Lalitha Killaka

Personal information
- Born: Vizianagaram, India

Sport
- Sport: Paralympic athletics

Medal record
Women's para-athletics
Representing India
Asian Para Games
| Silver medal – second place | 2022 Hangzhou | 1500m T11 |

= Lalitha Killaka =

Indian para athlete

Lalitha Killaka is a para athlete from Andhra Pradesh. She won a gold and a silver at the World Para Athletics Championships in March 2024. Earlier in October 2023, she won a silver medal at the 2022 Asian Para Games.

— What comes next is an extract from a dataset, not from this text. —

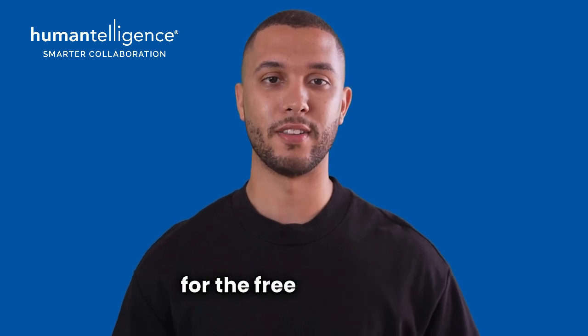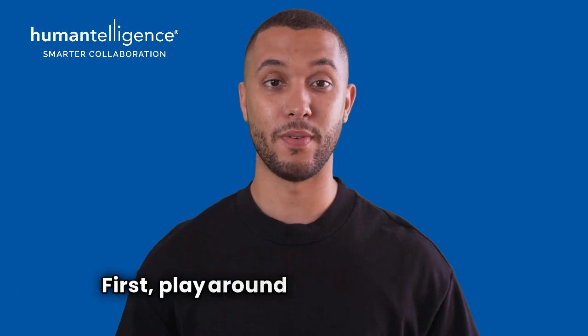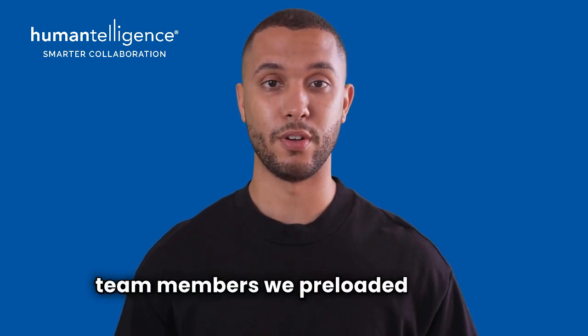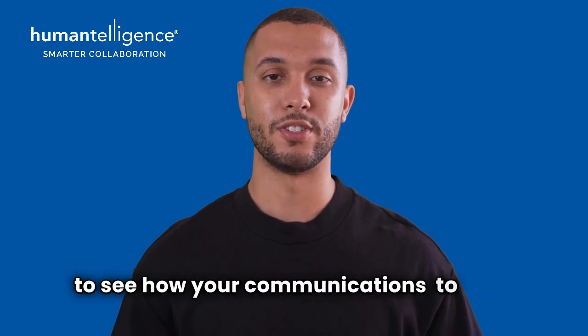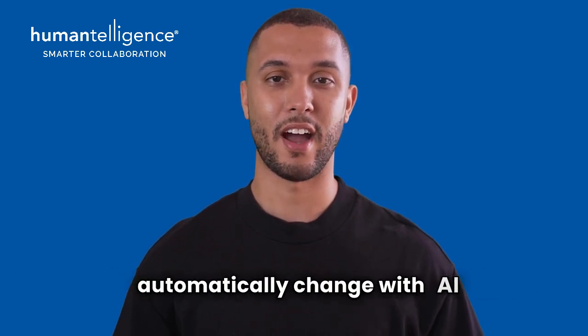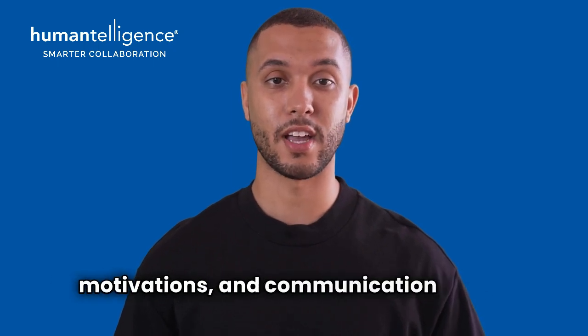Smart move for signing up for the free trial of HT. Here are three tips for making the most of it. First, play around with some sample team members we preloaded for you. This is a safe environment for you to see how your communications to them automatically change with AI by factoring in their personalities, motivations, and communication styles.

== Early life and education ==
Killaka is a visually challenged tribal girl from Gummalakshmipuram in Vizianagaram district, Andhra Pradesh. She did her schooling at Netra Vidyalaya run by Chinna Jeer Swami and passed Class X in 2020. She is currently studying 2nd year degree in Netra Vidyalaya college. She is trained by coach Rahul Balakrishna. Tabares Khan is her guide runner. Her father K. Borja and mother Chitamma are farm labourers. She is one of the four siblings. Her school awarded her a cash prize of Rs.3,00,000 and Rs.50,000 for her guide runner.

== Career ==
She was part of the Indian team at the 2022 Asian Para Games at Hangzhou, China. She won a silver medal finishing second behind Rakshitha Raju in the women 1500m T11 on 25 October 2023.

In May 2023, she won a silver at the 5th Indian Open Para Athletics International Championship at Shree Kanteerava Stadium in Bengaluru.